Hosting a tamalada for the first time offered me the opportunity to perform every step in the process myself, during which I quickly learned I was unfamiliar with the correct way to execute several of these tasks. After days of prepping and preparing tamales, I ruined the first batch while attempting to steam them. At one point, I had rapidly boiling water creating vigorous steam, melting the masa and leaving me with a mess of filling everywhere. I was grateful for my Tía Odilia’s guidance that day, reminding me a low boil with soft wisps of steam was necessary to gently steam the tamales.
I try to share my tamale tips at these cherished events with as many loved ones as possible. When I discuss my family’s tamalada with my Louisiana friends, they’re intrigued and often say that they want to join my next one. Soon the myriad questions begins: “How does the filling get in the middle of the tamale?” “What do you mean, you use a corn husk as a wrapper?” “How is a tamale cooked?” I answer their questions and explain that no step is difficult; however, it is a labor-intensive process to make the filling, season the masa, prep the corn husks, and assemble, steam, and store the tamales.
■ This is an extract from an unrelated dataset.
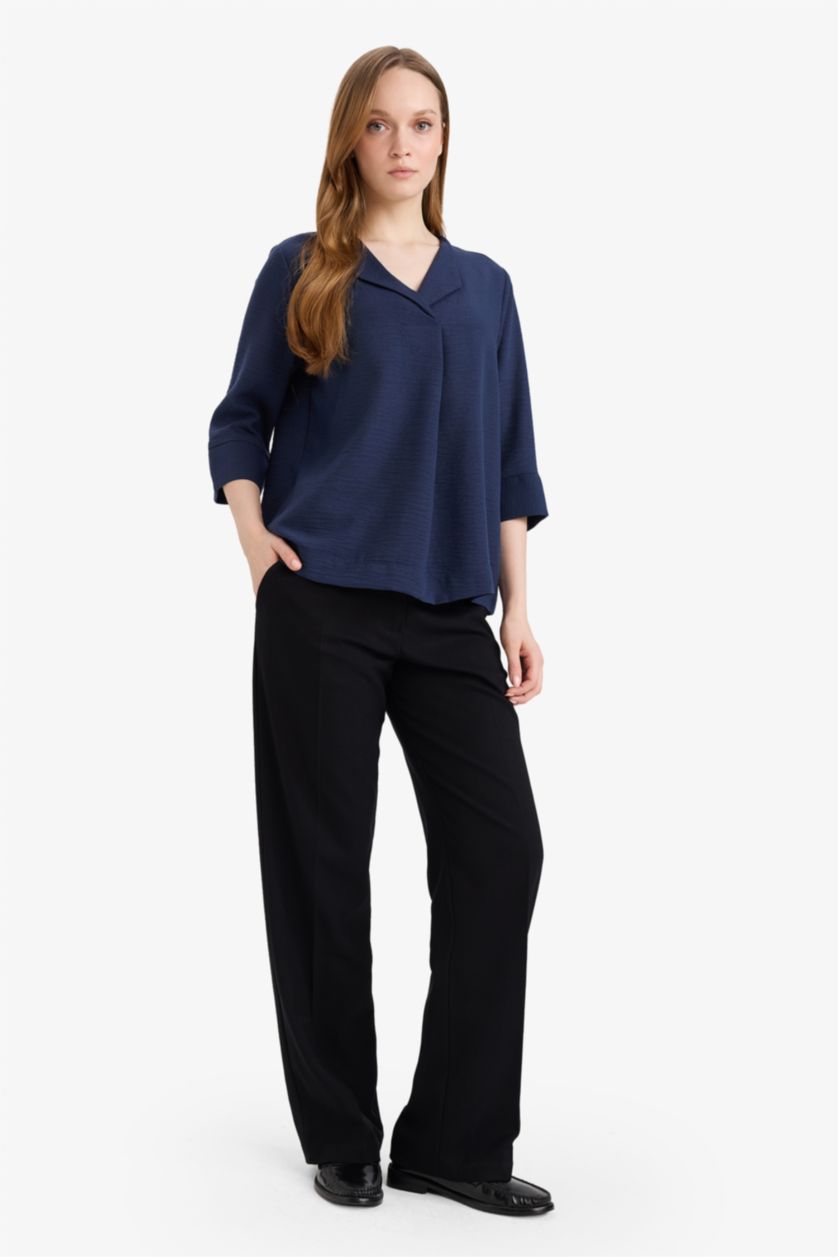 Женщины Синий Рубашка с длинным рукавом стандартного кроя Aerobin для женщин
Assembling tamales on the day of the tamalada involves quite a bit of labor, but with many hands (and refreshments for sustenance) you’ll get the job done. I’ve been taught many tips for making tamales that I share in detail in my cookbook, My South Texas Kitchen (YDelicacies, 2022). The most important is doing as much as possible ahead of time to make assembly efficient. Start prepping ahead, make your guest list, and invite your family and friends for a most heartwarming gathering.